◆ **How to complete this task**: Without omitting anything, copy the data exactly.

◆ **Material to process**:

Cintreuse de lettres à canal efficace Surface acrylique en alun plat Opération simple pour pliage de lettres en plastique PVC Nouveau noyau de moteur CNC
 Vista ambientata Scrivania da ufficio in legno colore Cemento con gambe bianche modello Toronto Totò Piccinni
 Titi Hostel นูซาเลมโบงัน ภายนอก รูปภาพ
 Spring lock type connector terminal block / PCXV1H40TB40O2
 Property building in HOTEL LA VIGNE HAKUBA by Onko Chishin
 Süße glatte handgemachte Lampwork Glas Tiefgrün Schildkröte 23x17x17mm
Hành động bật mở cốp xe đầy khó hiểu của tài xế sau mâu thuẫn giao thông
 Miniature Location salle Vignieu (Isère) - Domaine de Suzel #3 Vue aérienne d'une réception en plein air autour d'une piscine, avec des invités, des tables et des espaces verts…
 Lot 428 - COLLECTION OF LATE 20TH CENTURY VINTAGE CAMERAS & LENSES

◆ **Response area**:
Cintreuse de lettres à canal efficace Surface acrylique en alun plat Opération simple pour pliage de lettres en plastique PVC Nouveau noyau de moteur CNC
 Vista ambientata Scrivania da ufficio in legno colore Cemento con gambe bianche modello Toronto Totò Piccinni
 Titi Hostel นูซาเลมโบงัน ภายนอก รูปภาพ
 Spring lock type connector terminal block / PCXV1H40TB40O2
 Property building in HOTEL LA VIGNE HAKUBA by Onko Chishin
 Süße glatte handgemachte Lampwork Glas Tiefgrün Schildkröte 23x17x17mm
Hành động bật mở cốp xe đầy khó hiểu của tài xế sau mâu thuẫn giao thông
 Miniature Location salle Vignieu (Isère) - Domaine de Suzel #3 Vue aérienne d'une réception en plein air autour d'une piscine, avec des invités, des tables et des espaces verts…
 Lot 428 - COLLECTION OF LATE 20TH CENTURY VINTAGE CAMERAS & LENSES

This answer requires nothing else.